Sent from my iPhone using Tapatalk


----------



## DANNYRAY (Nov 9, 2011)

Man I LOVE the Green plastics. eventually that is what I want to put on mine.

Looking good!!!

Tapatalk on DROID-X


----------



## JLOWERY (Jan 30, 2010)

Sanative said:


> Shipping was free with the dealer. They were $520, but I got a new shroud and radiator hoses too. Just plastics was around $480
> 
> 
> Sent from my iPhone using Tapatalk


They are about a $100 cheaper at cheapcycleparts

Sent from my DROID X2 using Tapatalk


----------



## DANNYRAY (Nov 9, 2011)

will they fit an 05?

I can't find at the dealer where the green was an option in 05.

what years had the green as an option?

Tapatalk on DROID-X


----------



## bayou_boy_22 (Mar 13, 2009)

JLOWERY said:


> They are about a $100 cheaper at cheapcycleparts
> 
> Sent from my DROID X2 using Tapatalk


i cant seem to find any prices that are that cheap. they are always around 600 online. never tried the dealer but i know that my stealer will try to rape me on that.


----------



## redneckrancher420 (Jul 5, 2011)

**** thats bright but looks good!


----------



## JLOWERY (Jan 30, 2010)

DANNYRAY said:


> will they fit an 05?
> 
> I can't find at the dealer where the green was an option in 05.
> 
> ...


The lime green started in 07 and yes 05-11 are the same on plastics only difference is 08-11 has a dry storage box and they put a grill and different bumper cover on them the 605i's will also interchange from 05 to present.

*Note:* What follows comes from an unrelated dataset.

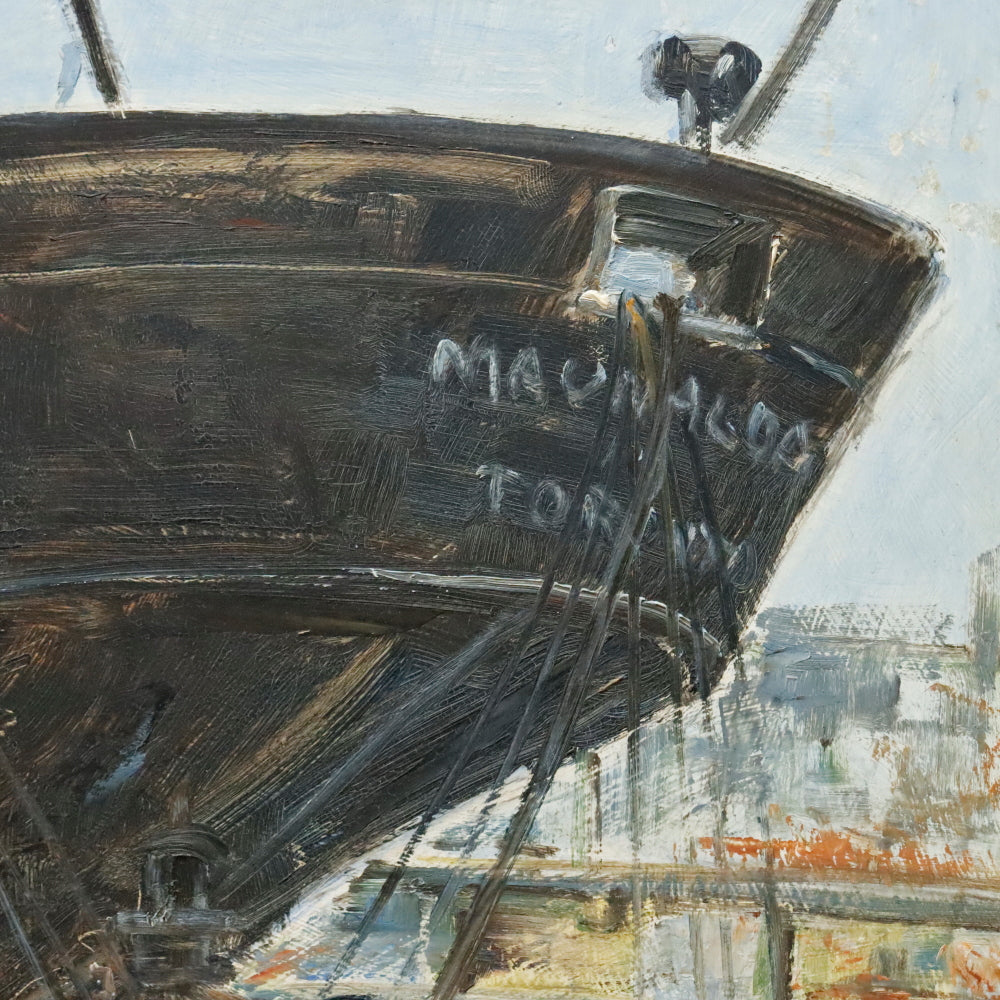 AW898: E McClelland Modernist Oil on Masonite Board Painting Freighter in Harbor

Sent from my DROID X2 using Tapatalk


----------



## DANNYRAY (Nov 9, 2011)

JLOWERY said:


> The lime green started in 07 and yes 05-11 are the same on plastics only difference is 08-11 has a dry storage box and they put a grill and different bumper cover on them the 605i's will also interchange from 05 to present.
> 
> Sent from my DROID X2 using Tapatalk



SWEET! I already want the storage box and the grille... the Lime Green will have to wait a bit but its on the block....

Looks awesome in the O.P.'s pics!


----------



## crwBrute7504x4I (Oct 26, 2011)

I'm thinking about getting new plastics I like my red ones but just want to be able to change it up every now and then, what colors were offered that will fit an 08 750?


----------



## Sanative (May 4, 2011)

DANNYRAY said:


> will they fit an 05?
> 
> I can't find at the dealer where the green was an option in 05.
> 
> ...


Yes, as long as its a 650/750 IRS. I know they came in '08 and '09, I want to say '07 too. 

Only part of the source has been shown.